Fighting is normal. It grows relationships. It makes things change and evolve or dissolve. It can be like a stormy spring. Sometimes fights tear down a relationship like a tornado and you can either decide to leave it torn apart or you can rebuild. Depending on the subject matter that can be tough. I've seen friends and family members go both ways with that kind of storm. But after a tornado there is always something you can find breathtakingly beautiful. It might be a flower or tree still standing, or a treasure not destroyed. Sometimes it's just the spirit of those affected an the determination to keep moving forward. 

We've had some stormy times probably a F1 tornado a time or two but we came out finding the beauty in making it work. I owe that to God. I'll tell you my little story. 

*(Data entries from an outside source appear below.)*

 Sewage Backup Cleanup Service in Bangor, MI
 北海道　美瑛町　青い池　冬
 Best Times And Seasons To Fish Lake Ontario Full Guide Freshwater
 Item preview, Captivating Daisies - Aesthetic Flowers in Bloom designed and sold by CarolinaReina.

I picked the Milkman out. When I was 11 my parents (and God) decided that we were moving 250 or so miles from everything and everyone I'd ever known to some no-name Arkansas town. I hated them, my parents, and I wasn't too happy with God either. I remember that it was stay where we were, go to God forsaken Arkansas, or there was a Fresno, CA option in there somewhere. Thank The Lord we didn't go there. That would have been a train wreck. Rednecks and California, doesn't seem like it would end well. Anyhow, God knew what he was doing. My dad took this church in Arkansas and I hated it too. Even with my crying, screaming, begging, refusing, and logical arguments (11 is a very intelligent age) they still drug me here. 

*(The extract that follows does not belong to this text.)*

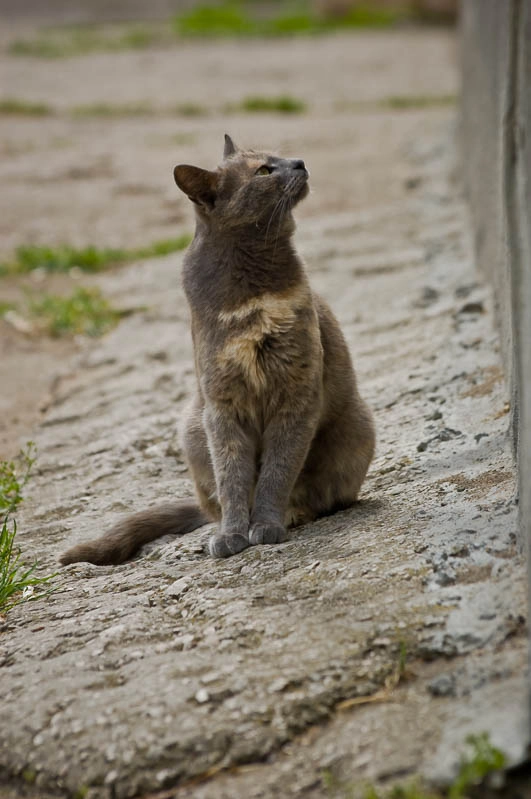 Sigma 70-300mm F4-5.6 APO DG Macro sample photo. Kerch cats / керченские коты photography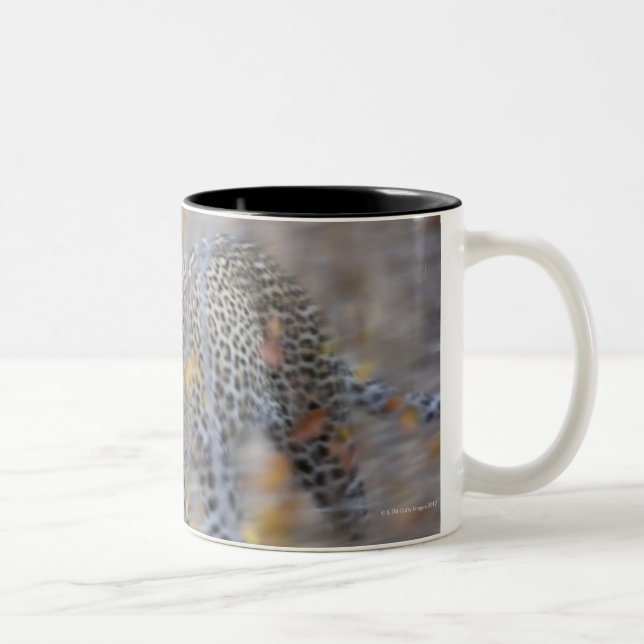 Tasse 2 Couleurs mouvement brouillé (Droit)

I met a few people. I mostly hated them because they lived in Arkansas and I was being held hostage here. One of those people was the Milkman. But at the time he was a pain-in-the-butt 13 year old brat. I wasn't overly fond of him but he was kinda cute. That little brat stuck in my head for years. I married him in the game of MASH so many times I lost count. Gross. 
We grew up. He was a wild child redneck, confederate flag flying, Dixie horn having brat. But he was kinda cuter than before. I had a couple boyfriends and he had a girlfriend or twelve and it never really mattered. He went to college in the yankeeville north and came back after a couple years and I was a senior. When he got back....he was way cuter and a little less of a brat. Somewhere along the way I learned to love this little no name town. And then I chased the Milkman around like a 17 year old girl would do. 

I'm pretty stubborn and hard headed. (You never would have guessed, huh?) When I go after something I kind of make it a mission. And going after the Milkman wasn't one I was going to fail. I didn't. And there were more obstacles and tornados than I can count. But somehow I knew that God moved my family to this place, against my will, so I could spend my senior year chasing him and then spending the rest of my life loving, fighting, and living our dream, doing what we love. There isn't a day that goes by that I don't thank God for what he's given me. I'm blessed beyond words to have the life I have. None of them would have happened if I always stayed comfortable. My parents made hard decisions that put me where I am today and I am so glad they did. It caused them enough tornadoes to tear a town apart. And we've all been better off for their commitment to follow God. He knows what He's doing even if we can't see it. The benefits might not show for 10 years. I can see a little more of the picture today than I could when I was a miserable 11 year old. I wouldn't change a thing.